Red shift of the blazar is $z=1$.

Speed of the blazar is $1.8\times {10}^8\text{m/s}$

Formula used:

The expression for time dilation in relativity is written as,

$\Delta t\text{'}=\frac{\Delta t}{\sqrt{1-\raisebox{1ex}{$v^2$}\!\left/ \!\raisebox{-1ex}{$c^2$}\right.}}$

Here, $\Delta t$ is the time interval for an observer, $\Delta t\text{'}$ is the time interval for the person moving with speed $v$, $c$ is speed of the light and $v$ is the relative velocity between the observer and moving object.

Explanation:

Write the expression time for dilation in relativity.

$\Delta t\text{'}=\frac{\Delta t}{\sqrt{1-\raisebox{1ex}{$v^2$}\!\left/ \!\raisebox{-1ex}{$c^2$}\right.}}$

Rearrange this for $\Delta t$.

$\Delta t=\Delta t\text{'}\left(\sqrt{1-\raisebox{1ex}{$v^2$}\!\left/ \!\raisebox{-1ex}{$c^2$}\right.}\right)$

Substitute $1.8\times {10}^8\text{m/s}$ for $v$, $168\text{h}$ for $\Delta t\text{'}$ and $3\times {10}^8\text{m/s}$ for $c$.
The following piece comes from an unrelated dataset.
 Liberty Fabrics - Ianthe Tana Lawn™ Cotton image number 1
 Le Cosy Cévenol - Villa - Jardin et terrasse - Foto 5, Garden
$\begin{array}{c}\Delta t=\left(168\text{h}\times \frac{3600\text{s}}{\text{h}}\right)\left(\sqrt{1-\raisebox{1ex}{${\left(1.8\times {10}^8\text{m/s}\right)}^2$}\!\left/ \!\raisebox{-1ex}{${\left(3\times {10}^8\text{m/s}\right)}^2$}\right.}\right)\\ =483840\text{s}\times \frac{\text{1}\text{h}}{3600\text{s}}\\ =134\text{h}\end{array}$

Conclusion:

Therefore, the fluctuation lasted for $\Delta t=134\text{h}$.

(c)

To determine

The maximum size $(\text{in au})$ of the region of the blazar that emits energy.

Answer to Problem 26Q

Solution:

The maximum size of the region of the blazar that emits energy is $\text{2}\text{.06}\times {\text{10}}^2\text{au}$.

Explanation of Solution

Introduction:

Blazars are an example of AGN. All the AGNs are powered by the material which falls into the black hole at the center of a host galaxy. This black hole generates a large amount of energy from the gas and dust.

Explanation:

Blazars emits energy from the surface. This surface is small with respect to the quasar. This is, approximately, ${10}^{-3}\text{parsecs}$, and $1\text{parsec}=\text{2}\text{.06}\times {\text{10}}^5\text{au}$. So, the maximum size of the region of the blazar that emits energy is found out as follows:

$\begin{array}{l}{10}^{-3}\text{parsecs=}\left(\text{2}\text{.06}\times {\text{10}}^5\text{au}\right){10}^{-3}\\ =\text{2}\text{.06}\times {\text{10}}^2\text{au}\end{array}$

Conclusion:

Therefore, the maximum size of the region of the blazar that emits energy is $\text{2}\text{.06}\times {\text{10}}^2\text{au}$.